═════ Records

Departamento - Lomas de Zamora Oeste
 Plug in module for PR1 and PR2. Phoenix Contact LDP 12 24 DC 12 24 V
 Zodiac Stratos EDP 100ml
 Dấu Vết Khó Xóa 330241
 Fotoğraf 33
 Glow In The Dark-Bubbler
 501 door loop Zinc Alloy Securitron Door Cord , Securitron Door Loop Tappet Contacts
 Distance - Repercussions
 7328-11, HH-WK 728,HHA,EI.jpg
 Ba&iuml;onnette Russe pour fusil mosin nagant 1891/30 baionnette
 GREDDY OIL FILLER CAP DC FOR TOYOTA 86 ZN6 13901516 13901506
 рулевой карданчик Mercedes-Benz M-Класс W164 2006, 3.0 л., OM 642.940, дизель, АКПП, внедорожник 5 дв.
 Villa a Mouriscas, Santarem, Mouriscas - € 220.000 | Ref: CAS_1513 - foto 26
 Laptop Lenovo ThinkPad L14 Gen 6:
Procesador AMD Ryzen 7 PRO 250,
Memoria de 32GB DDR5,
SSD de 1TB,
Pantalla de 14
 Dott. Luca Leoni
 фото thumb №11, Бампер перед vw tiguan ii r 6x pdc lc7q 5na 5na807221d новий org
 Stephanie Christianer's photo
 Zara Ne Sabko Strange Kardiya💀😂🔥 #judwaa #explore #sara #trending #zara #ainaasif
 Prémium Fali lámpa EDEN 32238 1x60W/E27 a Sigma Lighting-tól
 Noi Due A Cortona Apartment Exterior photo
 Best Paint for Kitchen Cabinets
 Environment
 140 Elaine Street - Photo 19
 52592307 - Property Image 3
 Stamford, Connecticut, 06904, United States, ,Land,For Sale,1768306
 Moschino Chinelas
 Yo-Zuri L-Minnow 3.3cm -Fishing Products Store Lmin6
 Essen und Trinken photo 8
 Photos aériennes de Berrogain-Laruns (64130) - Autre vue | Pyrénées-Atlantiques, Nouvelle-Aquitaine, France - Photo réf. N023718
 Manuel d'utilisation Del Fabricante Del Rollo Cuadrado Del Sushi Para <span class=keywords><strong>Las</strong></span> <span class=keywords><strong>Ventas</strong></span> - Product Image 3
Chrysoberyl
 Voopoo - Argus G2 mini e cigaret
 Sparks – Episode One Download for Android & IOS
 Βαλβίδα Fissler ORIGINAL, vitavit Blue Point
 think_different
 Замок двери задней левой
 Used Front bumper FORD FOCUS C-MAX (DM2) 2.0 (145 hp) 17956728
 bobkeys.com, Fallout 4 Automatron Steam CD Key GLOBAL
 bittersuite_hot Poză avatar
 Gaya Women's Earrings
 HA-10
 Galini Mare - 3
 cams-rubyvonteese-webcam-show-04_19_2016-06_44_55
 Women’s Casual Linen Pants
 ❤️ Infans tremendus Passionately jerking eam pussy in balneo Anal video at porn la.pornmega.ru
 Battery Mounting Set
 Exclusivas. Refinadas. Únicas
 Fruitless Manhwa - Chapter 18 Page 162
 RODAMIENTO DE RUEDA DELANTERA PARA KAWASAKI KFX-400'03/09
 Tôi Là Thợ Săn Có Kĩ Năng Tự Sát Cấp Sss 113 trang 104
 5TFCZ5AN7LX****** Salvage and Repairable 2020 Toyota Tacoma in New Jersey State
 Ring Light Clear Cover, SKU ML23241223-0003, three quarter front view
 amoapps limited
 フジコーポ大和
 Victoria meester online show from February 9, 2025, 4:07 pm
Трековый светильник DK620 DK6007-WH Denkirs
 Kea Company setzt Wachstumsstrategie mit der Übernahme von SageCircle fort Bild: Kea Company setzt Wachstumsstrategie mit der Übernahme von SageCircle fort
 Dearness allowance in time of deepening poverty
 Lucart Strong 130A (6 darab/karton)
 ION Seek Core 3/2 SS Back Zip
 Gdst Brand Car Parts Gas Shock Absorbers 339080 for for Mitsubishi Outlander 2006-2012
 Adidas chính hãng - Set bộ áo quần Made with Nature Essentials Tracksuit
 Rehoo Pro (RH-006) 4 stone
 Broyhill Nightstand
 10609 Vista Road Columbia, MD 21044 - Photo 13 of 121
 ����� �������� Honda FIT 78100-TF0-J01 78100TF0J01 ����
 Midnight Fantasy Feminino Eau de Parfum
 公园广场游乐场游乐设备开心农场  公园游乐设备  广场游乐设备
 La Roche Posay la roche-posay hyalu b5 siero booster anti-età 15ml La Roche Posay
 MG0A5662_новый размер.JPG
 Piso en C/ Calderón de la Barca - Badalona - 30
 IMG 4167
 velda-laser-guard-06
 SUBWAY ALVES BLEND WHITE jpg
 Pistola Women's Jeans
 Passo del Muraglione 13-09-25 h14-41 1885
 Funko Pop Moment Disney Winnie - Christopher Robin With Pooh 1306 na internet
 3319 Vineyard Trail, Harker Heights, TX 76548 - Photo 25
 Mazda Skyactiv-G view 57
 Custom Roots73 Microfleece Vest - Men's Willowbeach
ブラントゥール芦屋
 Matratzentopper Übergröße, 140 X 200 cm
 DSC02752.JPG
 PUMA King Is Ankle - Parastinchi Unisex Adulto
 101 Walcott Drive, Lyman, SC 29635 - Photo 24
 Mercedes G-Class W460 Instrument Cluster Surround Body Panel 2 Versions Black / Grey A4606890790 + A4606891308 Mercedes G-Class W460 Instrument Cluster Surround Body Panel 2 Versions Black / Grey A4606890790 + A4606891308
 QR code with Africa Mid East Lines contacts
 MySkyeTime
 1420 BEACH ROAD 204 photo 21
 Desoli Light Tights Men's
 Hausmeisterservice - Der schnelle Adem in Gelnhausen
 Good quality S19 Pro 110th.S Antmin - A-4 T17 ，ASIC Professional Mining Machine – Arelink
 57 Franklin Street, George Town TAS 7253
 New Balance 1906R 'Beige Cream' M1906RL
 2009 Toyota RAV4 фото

══════════

_What is required_.
Each line above must be returned exactly as written.

_Solution_.
Departamento - Lomas de Zamora Oeste
 Plug in module for PR1 and PR2. Phoenix Contact LDP 12 24 DC 12 24 V
 Zodiac Stratos EDP 100ml
 Dấu Vết Khó Xóa 330241
 Fotoğraf 33
 Glow In The Dark-Bubbler
 501 door loop Zinc Alloy Securitron Door Cord , Securitron Door Loop Tappet Contacts
 Distance - Repercussions
 7328-11, HH-WK 728,HHA,EI.jpg
 Ba&iuml;onnette Russe pour fusil mosin nagant 1891/30 baionnette
 GREDDY OIL FILLER CAP DC FOR TOYOTA 86 ZN6 13901516 13901506
 рулевой карданчик Mercedes-Benz M-Класс W164 2006, 3.0 л., OM 642.940, дизель, АКПП, внедорожник 5 дв.
 Villa a Mouriscas, Santarem, Mouriscas - € 220.000 | Ref: CAS_1513 - foto 26
 Laptop Lenovo ThinkPad L14 Gen 6:
Procesador AMD Ryzen 7 PRO 250,
Memoria de 32GB DDR5,
SSD de 1TB,
Pantalla de 14
 Dott. Luca Leoni
 фото thumb №11, Бампер перед vw tiguan ii r 6x pdc lc7q 5na 5na807221d новий org
 Stephanie Christianer's photo
 Zara Ne Sabko Strange Kardiya💀😂🔥 #judwaa #explore #sara #trending #zara #ainaasif
 Prémium Fali lámpa EDEN 32238 1x60W/E27 a Sigma Lighting-tól
 Noi Due A Cortona Apartment Exterior photo
 Best Paint for Kitchen Cabinets
 Environment
 140 Elaine Street - Photo 19
 52592307 - Property Image 3
 Stamford, Connecticut, 06904, United States, ,Land,For Sale,1768306
 Moschino Chinelas
 Yo-Zuri L-Minnow 3.3cm -Fishing Products Store Lmin6
 Essen und Trinken photo 8
 Photos aériennes de Berrogain-Laruns (64130) - Autre vue | Pyrénées-Atlantiques, Nouvelle-Aquitaine, France - Photo réf. N023718
 Manuel d'utilisation Del Fabricante Del Rollo Cuadrado Del Sushi Para <span class=keywords><strong>Las</strong></span> <span class=keywords><strong>Ventas</strong></span> - Product Image 3
Chrysoberyl
 Voopoo - Argus G2 mini e cigaret
 Sparks – Episode One Download for Android & IOS
 Βαλβίδα Fissler ORIGINAL, vitavit Blue Point
 think_different
 Замок двери задней левой
 Used Front bumper FORD FOCUS C-MAX (DM2) 2.0 (145 hp) 17956728
 bobkeys.com, Fallout 4 Automatron Steam CD Key GLOBAL
 bittersuite_hot Poză avatar
 Gaya Women's Earrings
 HA-10
 Galini Mare - 3
 cams-rubyvonteese-webcam-show-04_19_2016-06_44_55
 Women’s Casual Linen Pants
 ❤️ Infans tremendus Passionately jerking eam pussy in balneo Anal video at porn la.pornmega.ru
 Battery Mounting Set
 Exclusivas. Refinadas. Únicas
 Fruitless Manhwa - Chapter 18 Page 162
 RODAMIENTO DE RUEDA DELANTERA PARA KAWASAKI KFX-400'03/09
 Tôi Là Thợ Săn Có Kĩ Năng Tự Sát Cấp Sss 113 trang 104
 5TFCZ5AN7LX****** Salvage and Repairable 2020 Toyota Tacoma in New Jersey State
 Ring Light Clear Cover, SKU ML23241223-0003, three quarter front view
 amoapps limited
 フジコーポ大和
 Victoria meester online show from February 9, 2025, 4:07 pm
Трековый светильник DK620 DK6007-WH Denkirs
 Kea Company setzt Wachstumsstrategie mit der Übernahme von SageCircle fort Bild: Kea Company setzt Wachstumsstrategie mit der Übernahme von SageCircle fort
 Dearness allowance in time of deepening poverty
 Lucart Strong 130A (6 darab/karton)
 ION Seek Core 3/2 SS Back Zip
 Gdst Brand Car Parts Gas Shock Absorbers 339080 for for Mitsubishi Outlander 2006-2012
 Adidas chính hãng - Set bộ áo quần Made with Nature Essentials Tracksuit
 Rehoo Pro (RH-006) 4 stone
 Broyhill Nightstand
 10609 Vista Road Columbia, MD 21044 - Photo 13 of 121
 ����� �������� Honda FIT 78100-TF0-J01 78100TF0J01 ����
 Midnight Fantasy Feminino Eau de Parfum
 公园广场游乐场游乐设备开心农场  公园游乐设备  广场游乐设备
 La Roche Posay la roche-posay hyalu b5 siero booster anti-età 15ml La Roche Posay
 MG0A5662_новый размер.JPG
 Piso en C/ Calderón de la Barca - Badalona - 30
 IMG 4167
 velda-laser-guard-06
 SUBWAY ALVES BLEND WHITE jpg
 Pistola Women's Jeans
 Passo del Muraglione 13-09-25 h14-41 1885
 Funko Pop Moment Disney Winnie - Christopher Robin With Pooh 1306 na internet
 3319 Vineyard Trail, Harker Heights, TX 76548 - Photo 25
 Mazda Skyactiv-G view 57
 Custom Roots73 Microfleece Vest - Men's Willowbeach
ブラントゥール芦屋
 Matratzentopper Übergröße, 140 X 200 cm
 DSC02752.JPG
 PUMA King Is Ankle - Parastinchi Unisex Adulto
 101 Walcott Drive, Lyman, SC 29635 - Photo 24
 Mercedes G-Class W460 Instrument Cluster Surround Body Panel 2 Versions Black / Grey A4606890790 + A4606891308 Mercedes G-Class W460 Instrument Cluster Surround Body Panel 2 Versions Black / Grey A4606890790 + A4606891308
 QR code with Africa Mid East Lines contacts
 MySkyeTime
 1420 BEACH ROAD 204 photo 21
 Desoli Light Tights Men's
 Hausmeisterservice - Der schnelle Adem in Gelnhausen
 Good quality S19 Pro 110th.S Antmin - A-4 T17 ，ASIC Professional Mining Machine – Arelink
 57 Franklin Street, George Town TAS 7253
 New Balance 1906R 'Beige Cream' M1906RL
 2009 Toyota RAV4 фото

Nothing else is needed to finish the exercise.